WHAT IS REQUIRED
Among the records below, find the lines that hold the word "from" and report how many there are, with no other words.

Short web captions
########
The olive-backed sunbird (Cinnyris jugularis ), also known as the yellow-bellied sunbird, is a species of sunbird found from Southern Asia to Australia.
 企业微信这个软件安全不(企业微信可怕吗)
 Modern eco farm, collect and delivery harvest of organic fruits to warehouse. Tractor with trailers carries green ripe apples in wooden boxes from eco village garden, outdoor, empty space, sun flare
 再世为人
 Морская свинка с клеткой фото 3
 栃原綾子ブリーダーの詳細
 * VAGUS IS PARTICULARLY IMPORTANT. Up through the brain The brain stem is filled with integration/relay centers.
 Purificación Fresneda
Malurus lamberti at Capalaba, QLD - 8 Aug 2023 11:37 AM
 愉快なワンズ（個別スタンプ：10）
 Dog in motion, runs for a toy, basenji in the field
########
TASK SOLUTION
2